[Data excerpts]
★ ★ ★ ★ ★

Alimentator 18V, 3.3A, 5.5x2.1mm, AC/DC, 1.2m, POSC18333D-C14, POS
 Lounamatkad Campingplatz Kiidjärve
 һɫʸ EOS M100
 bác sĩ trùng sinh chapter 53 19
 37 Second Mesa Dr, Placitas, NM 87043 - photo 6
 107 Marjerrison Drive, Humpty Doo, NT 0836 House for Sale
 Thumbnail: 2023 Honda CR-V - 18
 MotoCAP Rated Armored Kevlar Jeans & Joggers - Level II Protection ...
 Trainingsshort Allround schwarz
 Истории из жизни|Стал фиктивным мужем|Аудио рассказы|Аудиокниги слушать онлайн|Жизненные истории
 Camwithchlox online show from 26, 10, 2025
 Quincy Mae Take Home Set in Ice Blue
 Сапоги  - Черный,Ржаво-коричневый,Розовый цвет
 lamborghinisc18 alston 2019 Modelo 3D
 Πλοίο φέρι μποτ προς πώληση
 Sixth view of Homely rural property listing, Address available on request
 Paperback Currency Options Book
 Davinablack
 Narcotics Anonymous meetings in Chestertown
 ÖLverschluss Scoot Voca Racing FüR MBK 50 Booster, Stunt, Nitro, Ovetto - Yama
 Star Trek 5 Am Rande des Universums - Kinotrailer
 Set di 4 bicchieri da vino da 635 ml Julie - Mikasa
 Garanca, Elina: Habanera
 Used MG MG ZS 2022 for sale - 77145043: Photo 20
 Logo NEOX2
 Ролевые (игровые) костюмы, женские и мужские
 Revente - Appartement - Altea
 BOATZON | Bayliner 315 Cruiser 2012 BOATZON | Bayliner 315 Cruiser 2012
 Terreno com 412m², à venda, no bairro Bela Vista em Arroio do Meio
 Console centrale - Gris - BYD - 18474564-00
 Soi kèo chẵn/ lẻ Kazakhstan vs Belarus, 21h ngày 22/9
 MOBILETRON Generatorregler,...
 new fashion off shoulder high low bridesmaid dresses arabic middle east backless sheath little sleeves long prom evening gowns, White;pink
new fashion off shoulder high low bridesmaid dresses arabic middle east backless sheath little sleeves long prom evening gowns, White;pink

★ ★ ★ ★ ★

[Exercise objective]:
Beginning at the line with "һɫʸ EOS M100" and stopping after the line with "Trainingsshort Allround schwarz", please write out every line of the data above exactly and nothing else.

[Output]:
 һɫʸ EOS M100
 bác sĩ trùng sinh chapter 53 19
 37 Second Mesa Dr, Placitas, NM 87043 - photo 6
 107 Marjerrison Drive, Humpty Doo, NT 0836 House for Sale
 Thumbnail: 2023 Honda CR-V - 18
 MotoCAP Rated Armored Kevlar Jeans & Joggers - Level II Protection ...
 Trainingsshort Allround schwarz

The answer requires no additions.